Problem to work on – What you should give back is a precise copy of the lines below from the one containing "Closer look at" through the one containing "Чехол цветочный дизайн", with no pictures.

Records to use –
Content starts

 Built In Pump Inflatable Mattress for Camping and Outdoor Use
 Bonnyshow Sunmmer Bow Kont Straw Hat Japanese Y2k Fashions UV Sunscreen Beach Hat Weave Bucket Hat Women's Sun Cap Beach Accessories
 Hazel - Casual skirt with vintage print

Content ends
Content starts

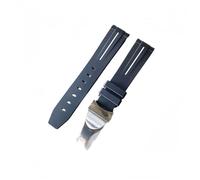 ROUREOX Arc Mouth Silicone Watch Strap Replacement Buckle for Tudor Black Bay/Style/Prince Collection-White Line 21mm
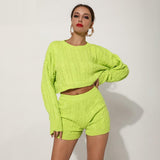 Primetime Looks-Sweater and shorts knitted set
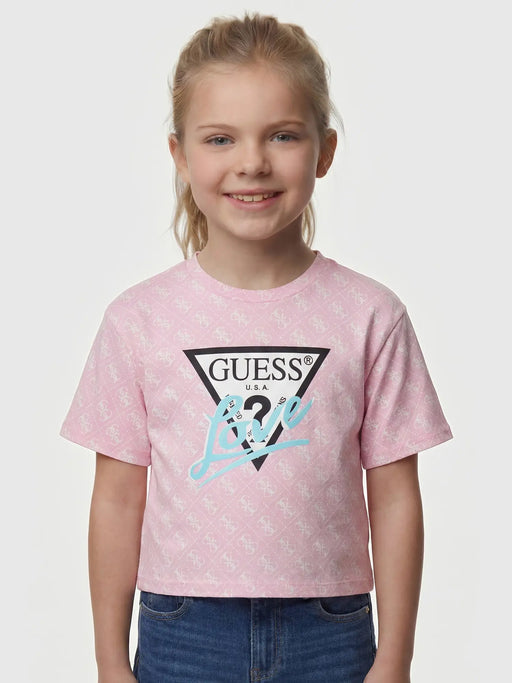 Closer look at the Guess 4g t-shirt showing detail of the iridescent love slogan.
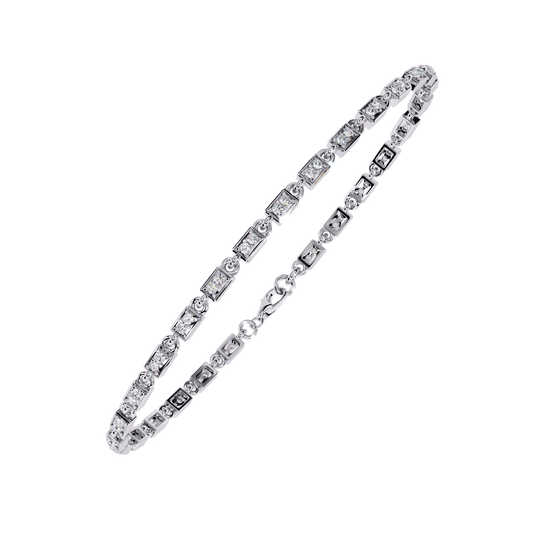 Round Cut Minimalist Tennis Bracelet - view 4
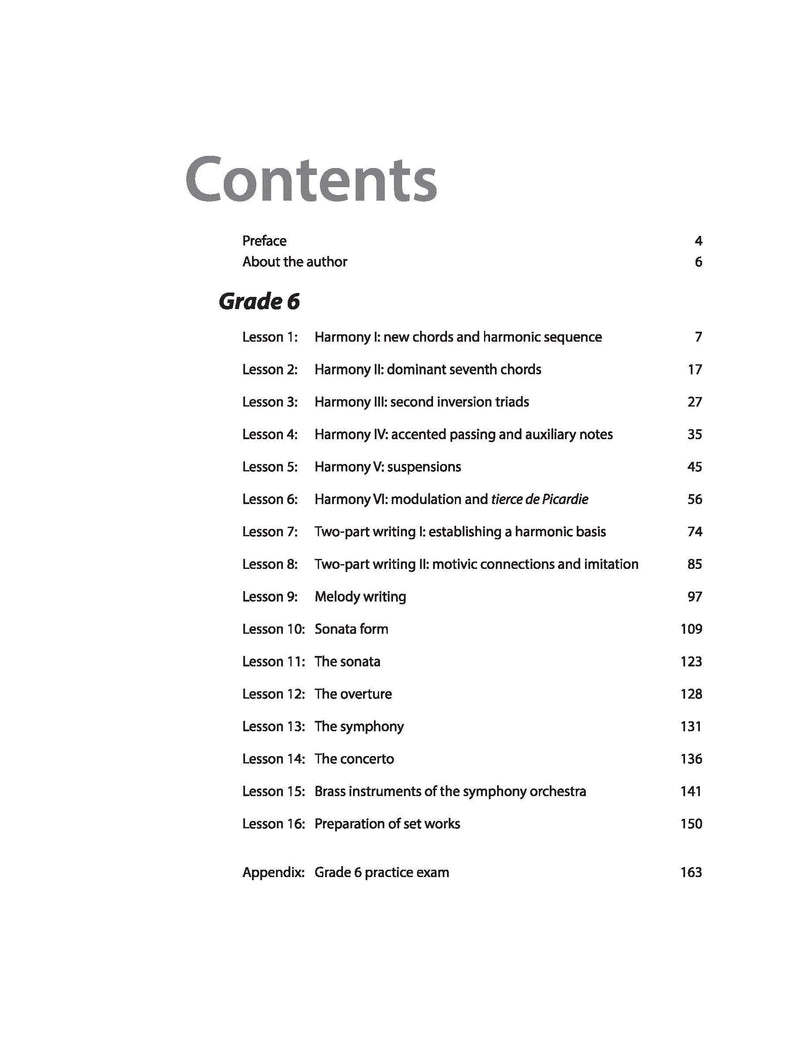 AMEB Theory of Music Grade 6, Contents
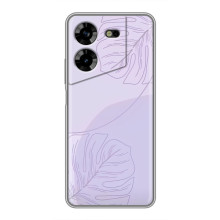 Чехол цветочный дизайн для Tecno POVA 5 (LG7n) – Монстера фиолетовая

Content ends

Answer –
 Closer look at the Guess 4g t-shirt showing detail of the iridescent love slogan.
 Round Cut Minimalist Tennis Bracelet - view 4
 AMEB Theory of Music Grade 6, Contents
 Чехол цветочный дизайн для Tecno POVA 5 (LG7n) – Монстера фиолетовая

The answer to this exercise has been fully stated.